::: SUPPLIED ENTRIES

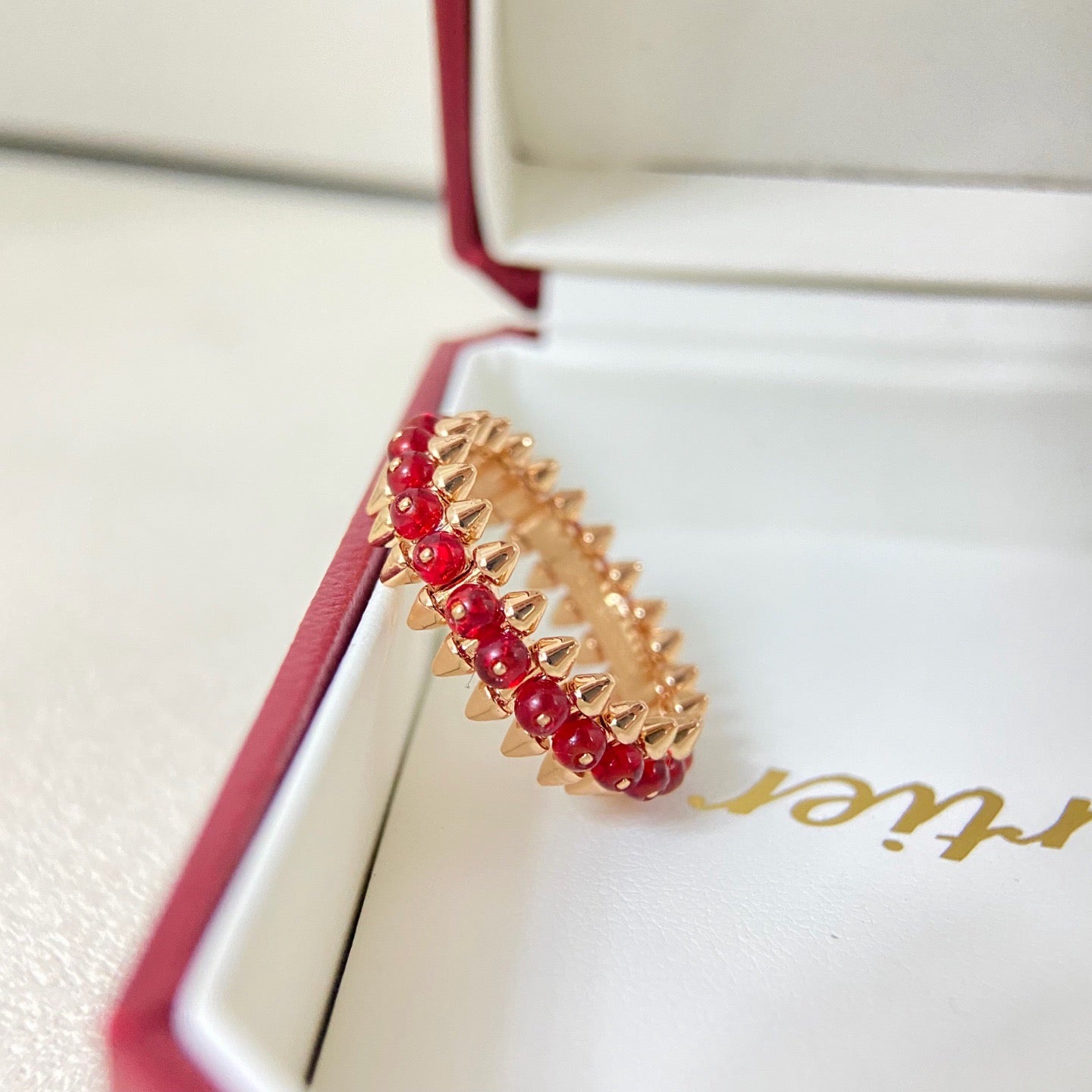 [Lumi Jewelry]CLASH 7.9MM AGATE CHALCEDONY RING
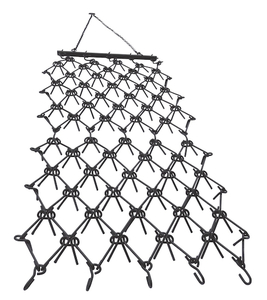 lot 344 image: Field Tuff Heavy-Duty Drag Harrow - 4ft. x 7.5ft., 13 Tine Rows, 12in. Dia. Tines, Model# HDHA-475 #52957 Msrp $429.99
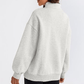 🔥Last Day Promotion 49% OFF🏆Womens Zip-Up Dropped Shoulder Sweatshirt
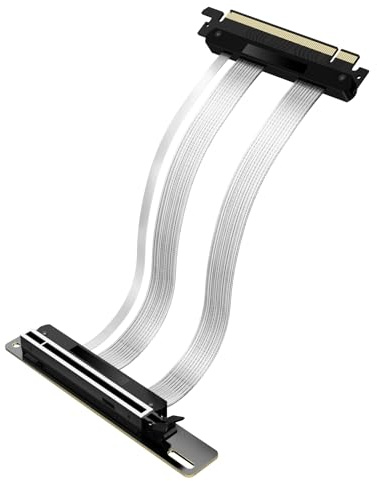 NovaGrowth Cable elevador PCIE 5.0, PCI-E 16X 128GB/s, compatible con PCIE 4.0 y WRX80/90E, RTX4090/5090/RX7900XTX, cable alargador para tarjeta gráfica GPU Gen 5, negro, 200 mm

::::::
::: SUPPLIED ENTRIES

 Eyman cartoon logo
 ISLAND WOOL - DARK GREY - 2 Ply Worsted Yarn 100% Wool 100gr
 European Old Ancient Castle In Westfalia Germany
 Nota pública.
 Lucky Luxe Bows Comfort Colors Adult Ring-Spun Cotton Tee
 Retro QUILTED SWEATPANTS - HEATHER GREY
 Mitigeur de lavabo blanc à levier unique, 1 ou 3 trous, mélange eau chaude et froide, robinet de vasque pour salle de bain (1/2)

::::::
::: SUPPLIED ENTRIES

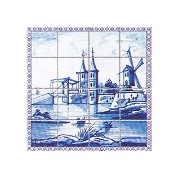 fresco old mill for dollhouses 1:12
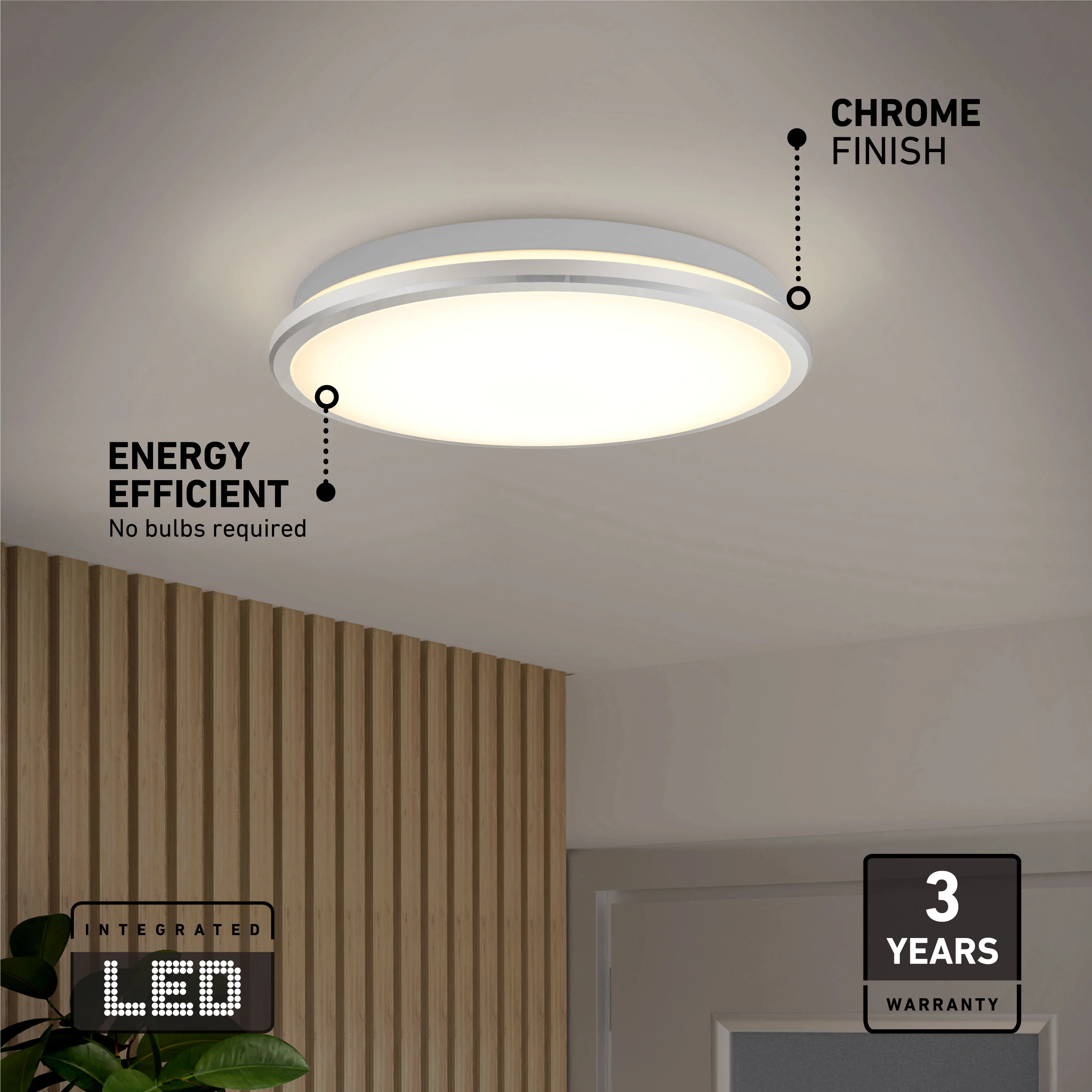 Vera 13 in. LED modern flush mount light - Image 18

::::::

== TASK TO COMPLETE ==
Using the listing above, repeat word for word each line from the one with "lot 344 image: Field" down to the one with "NovaGrowth Cable elevador", both included. Omit all pictures.

== RESULT FOR THIS EXERCISE ==
 lot 344 image: Field Tuff Heavy-Duty Drag Harrow - 4ft. x 7.5ft., 13 Tine Rows, 12in. Dia. Tines, Model# HDHA-475 #52957 Msrp $429.99
 🔥Last Day Promotion 49% OFF🏆Womens Zip-Up Dropped Shoulder Sweatshirt
 NovaGrowth Cable elevador PCIE 5.0, PCI-E 16X 128GB/s, compatible con PCIE 4.0 y WRX80/90E, RTX4090/5090/RX7900XTX, cable alargador para tarjeta gráfica GPU Gen 5, negro, 200 mm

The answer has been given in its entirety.